Informantes disseram que havia 200 quilos da droga armazenados ali, mas a polícia não conseguiu localizar o esconderijo.

Um dos maiores e mais inacessíveis trechos de floresta tropical do mundo, o Alto Amazonas tornou-se hoje uma supervia para a exportação de cocaína para a Europa, seu mercado global de mais rápido crescimento.

Todas as semanas, dizem as autoridades brasileiras, toneladas de cocaína seguem dos laboratórios ilícitos na selva dos vizinhos Peru e Colômbia por meio da amazônia até Manaus e o porto de Belém para exportação à Europa e África.

Às vezes, os traficantes pagam aos moradores locais para transportar apenas alguns quilos rio abaixo ou escondem quantidades maiores sob o assoalho de barcos motorizados. Em outra escala, embarcações semisubmersíveis, apelidadas de narco-submarinos, capazes de transportar várias toneladas de drogas, foram detectadas em rios que deságuam na amazônia vindos da Colômbia e do Peru.

“Imagine comprar diretamente dos produtores de coca por US$ 300 (cerca de R$ 1.680) o quilo e depois vender um quilo refinado por € 60 mil (cerca de R$ 366 mil) na Europa”, diz Soares. “Isso muda a vida de quem tenta a sorte trazendo a droga.”
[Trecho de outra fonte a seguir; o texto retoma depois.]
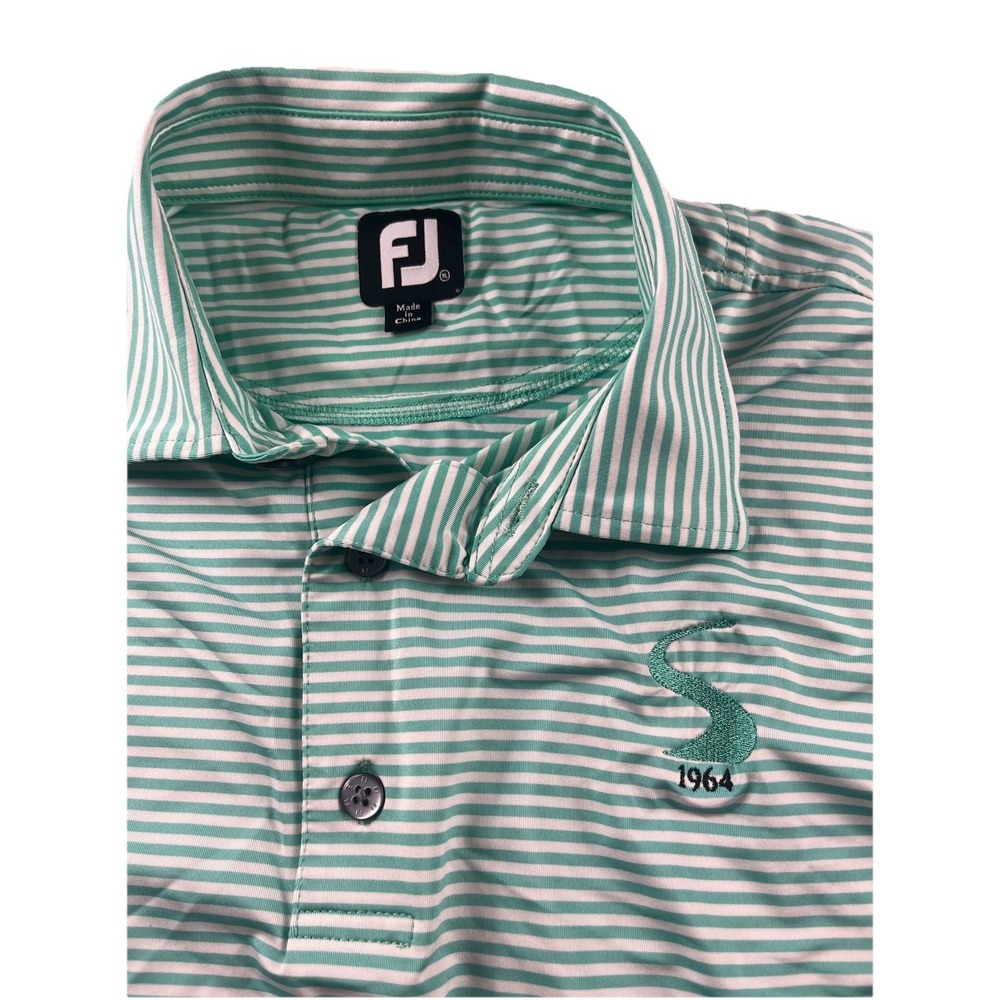 FootJoy Polo Shirt Men's XL Performance Green Striped Midland Trail Golf Club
O comércio global de cocaína está crescendo como nunca antes. O consumo europeu aumentou tão rápido nas últimas duas décadas que superou os EUA como o maior mercado de cocaína, enquanto os narcotraficantes agora estão atraindo novos usuários no Oriente Médio e na Ásia. Enriquecidos, os cartéis latino-americanos estão diversificando seus negócios do tráfico de drogas para uma série de outras atividades criminosas.

“Acreditamos que 2024 tenha sido o ano mais lucrativo de todos para o crime organizado na América Latina“, diz Jeremy McDermott, cofundador do Insight Crime, que acompanha atividades ilícitas na região. “Isso foi impulsionado principalmente por três economias criminosas. A primeira é a cocaína. Logo atrás vem o ouro… e em terceiro lugar o tráfico e o contrabando de pessoas.”

O crime e a violência relacionados às drogas costumavam se concentrar nas nações produtoras, como Peru, Colômbia e México, enquanto países como Argentina ou Chile permaneciam praticamente intocados.

Hoje, essa violência se tornou uma característica da vida em praticamente todos os países da região, atingindo até antigos refúgios como Costa Rica e Uruguai, uma nação de 3 milhões de pessoas às vezes chamada de Suíça da América Latina devido à sua relativa paz e prosperidade.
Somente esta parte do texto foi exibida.